General Category => Rants & Raves => Topic started by: precisonline on June 19, 2008, 07:54:40 PM

Title: Out of the Box
Post by: precisonline on June 19, 2008, 07:54:40 PM
I gotta admit, I have this sickness that tends to make me really enjoy taking on projects that may be a little outside of my comfort zone.  As long as there's an opportunity to stretch the horizon a bit, and with the understanding that the deadline isn't so unrealistic that it's, well, unrealistic, it can be quite the joy to learn something new, EVEN IF it's really something quite old. ;)

Take today for example.  The task was to export a bunch of data from one system into a series of flat files.  Depending on the volume of the data I might normally bring the data into Excel to verify that all of the columns have at lease something in them.  With these exports, however, there were millions of rows per file and even if I went through the insane task of transferring these files to my local PC there'd be no way that Excel could open them anyway.  Another thought might be import the data into something else and then check the data that way, but the timeline for this project wasn't conducive to writing both export and import programs.

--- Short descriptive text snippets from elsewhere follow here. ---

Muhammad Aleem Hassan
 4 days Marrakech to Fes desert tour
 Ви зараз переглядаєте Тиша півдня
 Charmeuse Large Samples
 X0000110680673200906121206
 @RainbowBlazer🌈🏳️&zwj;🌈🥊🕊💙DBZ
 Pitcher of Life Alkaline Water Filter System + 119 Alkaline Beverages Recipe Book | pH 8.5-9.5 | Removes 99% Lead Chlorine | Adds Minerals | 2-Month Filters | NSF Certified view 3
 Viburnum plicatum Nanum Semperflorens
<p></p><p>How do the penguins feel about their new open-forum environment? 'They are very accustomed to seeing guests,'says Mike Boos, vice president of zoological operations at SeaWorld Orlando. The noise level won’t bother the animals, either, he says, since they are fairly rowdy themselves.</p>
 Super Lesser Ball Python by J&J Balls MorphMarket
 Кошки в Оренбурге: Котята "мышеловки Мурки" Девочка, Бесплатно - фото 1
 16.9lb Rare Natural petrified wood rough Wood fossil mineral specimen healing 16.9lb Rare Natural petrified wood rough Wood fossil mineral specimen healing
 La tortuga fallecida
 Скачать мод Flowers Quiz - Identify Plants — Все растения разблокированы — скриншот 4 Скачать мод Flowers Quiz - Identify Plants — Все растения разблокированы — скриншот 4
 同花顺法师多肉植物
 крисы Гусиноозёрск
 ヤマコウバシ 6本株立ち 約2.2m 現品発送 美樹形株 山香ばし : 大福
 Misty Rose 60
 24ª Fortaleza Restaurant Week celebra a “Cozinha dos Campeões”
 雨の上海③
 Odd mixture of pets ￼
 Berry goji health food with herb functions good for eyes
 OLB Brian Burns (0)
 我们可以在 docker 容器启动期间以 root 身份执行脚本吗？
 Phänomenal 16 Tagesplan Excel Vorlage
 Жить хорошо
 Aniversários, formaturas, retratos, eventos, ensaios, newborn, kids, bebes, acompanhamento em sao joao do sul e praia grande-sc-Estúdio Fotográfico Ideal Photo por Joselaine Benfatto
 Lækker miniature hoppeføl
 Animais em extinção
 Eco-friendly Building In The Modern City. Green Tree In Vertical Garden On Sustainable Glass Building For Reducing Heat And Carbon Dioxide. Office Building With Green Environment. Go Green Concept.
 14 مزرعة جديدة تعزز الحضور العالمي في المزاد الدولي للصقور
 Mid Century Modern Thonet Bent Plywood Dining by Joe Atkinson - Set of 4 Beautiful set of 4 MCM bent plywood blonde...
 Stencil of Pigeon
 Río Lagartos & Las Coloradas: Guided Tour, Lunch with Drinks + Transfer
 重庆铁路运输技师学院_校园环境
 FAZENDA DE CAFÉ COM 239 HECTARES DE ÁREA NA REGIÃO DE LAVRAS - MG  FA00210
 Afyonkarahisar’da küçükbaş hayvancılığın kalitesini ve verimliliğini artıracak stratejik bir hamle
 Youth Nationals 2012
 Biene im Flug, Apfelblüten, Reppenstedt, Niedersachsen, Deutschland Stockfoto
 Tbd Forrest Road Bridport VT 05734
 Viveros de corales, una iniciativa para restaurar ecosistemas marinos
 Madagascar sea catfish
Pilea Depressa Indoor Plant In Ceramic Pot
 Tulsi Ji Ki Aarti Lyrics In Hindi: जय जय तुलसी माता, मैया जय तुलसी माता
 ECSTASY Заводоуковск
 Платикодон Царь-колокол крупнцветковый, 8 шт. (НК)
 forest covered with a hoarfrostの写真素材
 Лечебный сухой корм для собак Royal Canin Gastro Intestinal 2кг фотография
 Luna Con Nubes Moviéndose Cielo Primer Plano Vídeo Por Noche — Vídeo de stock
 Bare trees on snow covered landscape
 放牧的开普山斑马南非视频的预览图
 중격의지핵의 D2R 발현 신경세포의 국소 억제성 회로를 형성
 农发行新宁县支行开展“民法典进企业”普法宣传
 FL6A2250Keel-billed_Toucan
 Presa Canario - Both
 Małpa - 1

All I really needed for this first test was to ensure that all of the columns had some data.  All of the rows wouldn't necessarily have all columns, but as I got thinking more about the problem I figured it might be useful to know how many rows had a particular field value so that I could compare that count against the total row count to see if the percentages were realistic.  (I mean hey, if there's 20 million rows and a particular column has 3 hits, likely something's amiss there.)

All these exports were written on an AIX system, so I figured what about this 'awk' thing that's been around since dirt was created?  A quick web search and it looked like this could be just the ticket.  (All cards on the table I've written 1 or 2 awk scripts before, but nothing really to write home - or here - about.)  About 5 minutes later I had the script written and was running the first test.

The script basically goes through each of the lines and a) calculates the number of rows, b) calculates the maximum number of columns, and c) determines the number of hits in each column.  This is then used at the end to generate column by column percentages as mentioned earlier.

Frankly, the script is so simple it's boring, but in case you're wondering:

Code: [Select]
  max_fields = 0;
  records = 0;
  if (NF > max_fields)
    max_fields = NF;
  for(ndx = 1 ; ndx <= NF ; ++ndx)
    if($ndx != "")
      fields[ndx] += 1;
END {\
  printf("Max fields = %d\n",max_fields);
  printf("Records    = %d\n\n",records);
  for(ndx = 1 ; ndx <= max_fields ; ++ndx)
    printf("%d\t%d\t%.2f\n",ndx,fields[ndx],(fields[ndx] / records) * 100);

As a report writing "language", awk is really remarkably simple.  There's stuff you do at the beginning (the BEGIN block), stuff you do for each row, and stuff you do at the end of the job (in the END block).  This is significantly simpler than a lot of other options because there's no real file work (opening, reading, etc.) - that's a handled for you.

Now I'm not saying I'd like to write a bunch of these in the future, but the 5 minutes or so that it took to learn the language well enough to write this script saved me a lot of time and energy today, and that - I think - makes this something worth writing about.